Compte-rendu du livre Migrer au féminin de Laurence Roulleau-Berger (Paris, PUF, Coll. la Nature humaine, 2010, 183 p.)

auteur

Marc Bernardot est Professeur de sociologie à Aix Marseille Université (PR1) au département de sociologie (ALLSH) et directeur du Centre méditerranéen de sociologie, de science politique et d’histoire (MESOPOLHIS) UMR 7064 (AMU, SPXAix, CNRS). Il assure la responsabilité de l’axe 2 du MESOPOLHIS "Migrations, mobilités, circulations". Il est référent relations internationales pour le département de sociologie ALLSH AMU. Il a été directeur de la (...)

résumé

Laurence Roulleau-Berger livre un essai stimulant sur l’expérience des femmes dans la migration, thématique en plein foisonnement, en lien avec les transformations des économies soumises à la globalisation et à d’incessants réagencements entre dispositifs économiques polycentriques.

citation

Marc Bernardot, "Compte-rendu du livre Migrer au féminin de Laurence Roulleau-Berger (Paris, PUF, Coll. la Nature humaine, 2010, 183 p.)", Recueil Alexandries, Collections Recensions, janvier 2011, url de référence: http://www.reseau-terra.eu/article1084.html

La sociologue Laurence Roulleau-Berger qui a travaillé sur les questions de l’insertion urbaine, scolaire et professionnelle des catégories jeunes [1], s’est intéressée ces dernières années aux mobilités internationales [2]. Elle a aussi opéré un ample détour anthropologique en se rapprochant de la sociologie chinoise contemporaine [3]. Avec cet opus, elle livre un essai stimulant sur l’expérience des femmes dans la migration, thématique en plein foisonnement, en lien avec les transformations des économies soumises à la globalisation et à d’incessants réagencements entre dispositifs économiques polycentriques. Alors que se développe « une sorte de capitalisme collectif, sans visage, structuré autour d’un réseau de flux financiers très mobilisé dans les villes internationales, (l)es économies non monétaires, non marchandes, informelles, ont repris paradoxalement une importance évidente » (p. 15) et les femmes occupent une place centrale dans celles-ci.

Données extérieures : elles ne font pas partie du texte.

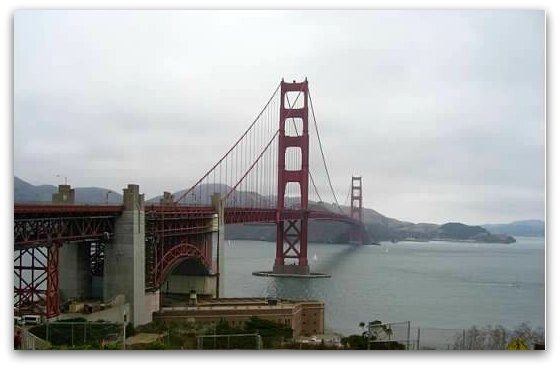 Golden Gate Bridge on a foggy day in San Francisco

Dans ce contexte, l’objet de l’ouvrage est à la fois de repérer des « inégalités multisituées » dans les « modes de production de biographies polygames » et les « capacités de résistance et de mobilisation de Sujets au féminin face à des dominations réticulaires. » (p. 21) La notion de « grammaire de la reconnaissance », ici proposée, est finement définie –« des pratiques sociales et économiques mineures, singulières, plurielles, microbiennes qui relèvent des compétences des plus faibles pour faire face à des situations d’inégalité mais aussi de stigmatisation, domination ou violence symbolique. » (p. 22) et très utile pour rendre compte des modalités d’affrontements aux processus de déni, de violence et de minorisation que subissent les femmes en particulier dans leurs conditions de migrantes. « Les femmes en migration peu qualifiées, peu dotées en capital social, tendent à développer des stratégies individuelles et collectives de résistance à des impositions et des marginalisations, affirmant par là que s’élaborent d’autres globalisations non hégémoniques (…). » (p. 22).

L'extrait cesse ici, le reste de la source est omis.